By Bridget Blair AE 

Editors Victoria is saddened to acknowledge the passing of Jim Hart in January. Jim was a significant figure in the early days of Editors Victoria, then known as the Society of Editors. He served as a committee member and newsletter editor during the 1970s and 1980s. Teresa Pitt remembers Jim as an inspiration and role model:

I first met Jim when I joined the Victorian editors’ group back in 1980. He was very much a publishing “elder” in my eyes, although in fact he was only a whippersnapper in his thirties.

At that time he was co-owner, with Tony and Maureen Wheeler, of an interesting little venture called Lonely Planet, which later went on to become a global success. He had been an editor at Rigby’s in Adelaide, and later became President of the Small Press Network.

Jim’s enthusiasm for the then-fledgling society was inspirational. He was always an entertaining and committed presence. We were small and fairly shambolic in those early days, but our meetings were fun and interesting, and Jim was certainly one of our key members. He was passionate about the need to professionalise the work of editors.

Susan Keogh worked with Jim at Lonely Planet and remembers:

The world – and our Australian editing world – is a lesser place without the genial, affable presence in it of Jim Hart. Jim will be known to many members of the Victorian branch as a former boss, as one of the original directors of Lonely Planet, the largest employer of in-house book editors this country has seen or is ever likely to see, or through his time in charge of the Graduate Diploma in Editing and Publishing at RMIT.

Jim was a lovely man: when I started at Lonely Planet, a colleague told me when you had been employed for 5 years (and then again at 10 years), Jim took you aside and handed you a personal cheque for $500 (back last century, this was a fair bit of money). He said he wanted to share the wealth the company had brought him with you … It absolutely fits how I remember him.

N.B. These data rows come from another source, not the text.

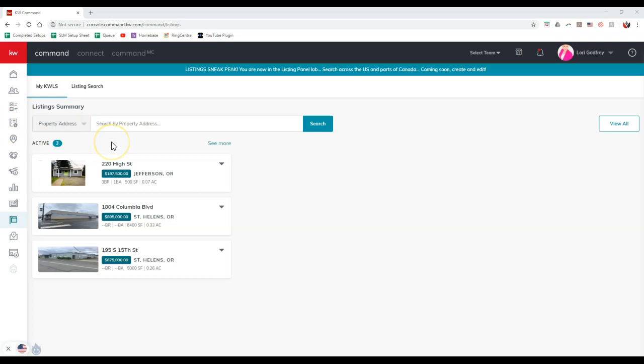Now, if you're not seeing your listings on here, it's okay. You can always click on the listing search option up at the top, and you can actually search to see if your listing is accessible on the back end of command, and more than likely it is.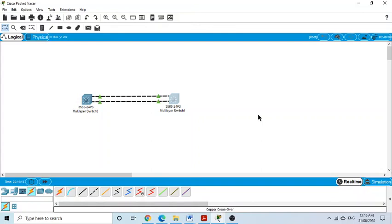I hope this was not very difficult. If you practice using the same steps, you should be able to recreate this in Packet Tracer. Thank you.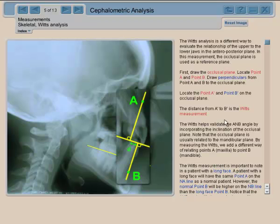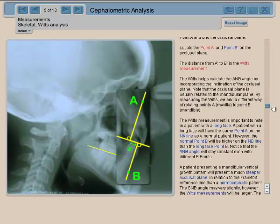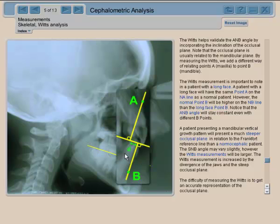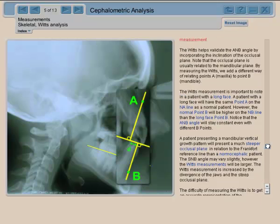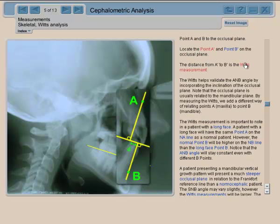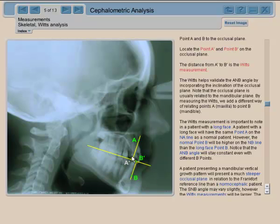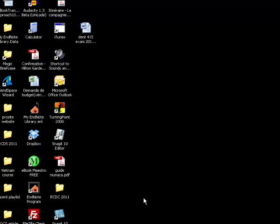The distance you see right here becomes the Wits measurement. It's done in millimeters and gives you the difference in projection between the maxilla and the mandible.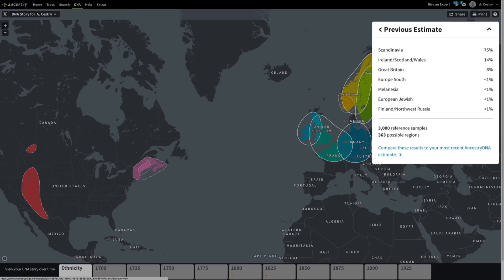Want to compare your new results to a previous estimate? You can toggle between the two. Our next gen update is just the latest step in making scientific breakthroughs available to all our members, and there are more advances on the way — continually expanding the borders of genetic science as part of what makes AncestryDNA truly evolutionary. Thank you for joining us on the journey.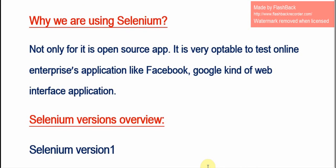Even though, why are we using Selenium? This is a good question. Not only because it is open source — why are we using it? It is very adaptable to test online enterprise applications like Facebook, Google, and Twitter kind of web interface applications. So mainly we are using Selenium to test web-based applications.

Given that Jim had the general air and manner of a slightly absent-minded professor, it was probably fitting that he take on one of the (then) few roles as an editing and publishing academic. My memory is that he was there perhaps only a couple of years, but given that the RMIT course was an initiative of the Society of Editors (Victoria), it is absolutely fitting that he is remembered in these pages. Through the employees and students he encountered, his influence on editing in this state was widespread. He is gone too soon.

Colin Jevons shares an anecdote about the work culture Jim promoted:

I recall going in to see him at Lonely Planet wearing a suit and tie as befitted my then job as a sales rep. He looked at me with great alarm and took me around the office introducing me loudly to everyone. He later explained to me that the only suit and tie that ever entered the Lonely Planet office was worn by the bank manager, who always caused trouble – recently staff pay had been delayed for some days – hence the need to establish that I was not from the bank, just someone with poor dress sense.

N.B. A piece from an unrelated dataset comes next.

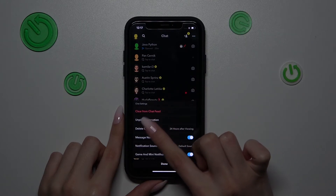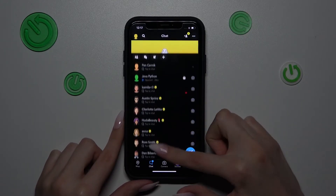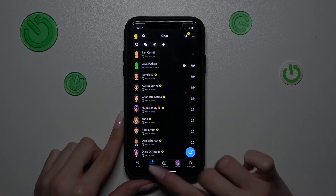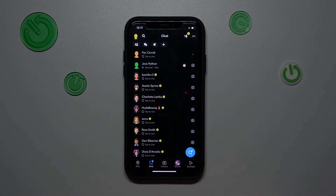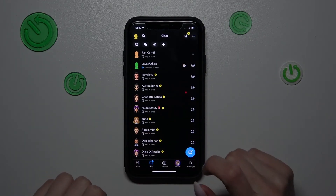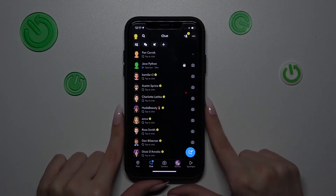Let's choose the unpin option. Yes, it's very easy to do, and I hope that this short tutorial was really useful and interesting.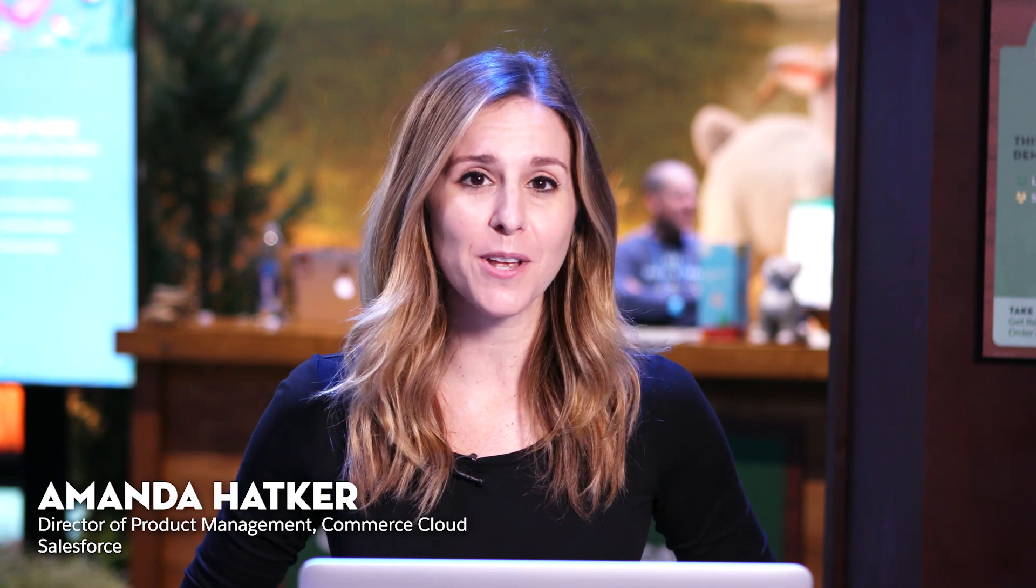Hi, my name is Amanda Hatker, Director of Product Management for Commerce Cloud, and today I'm here to demo for you Salesforce Order Management, a new product in the Commerce Cloud.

The Society of Editors’ newsletter archive includes an event report on a talk that Jim gave to the society in October 1986. The topic was the introduction of computers for editing and typesetting at Lonely Planet, which at that point had 14 in-house staff. Jim discussed the advantages and disadvantages, and the report reveals that some members were sceptical about the cost-effectiveness of computers. Others were concerned about how the advent of this technology would affect their jobs. Without doubt Jim had an impact on publishing and editing in Australia, and he will be missed.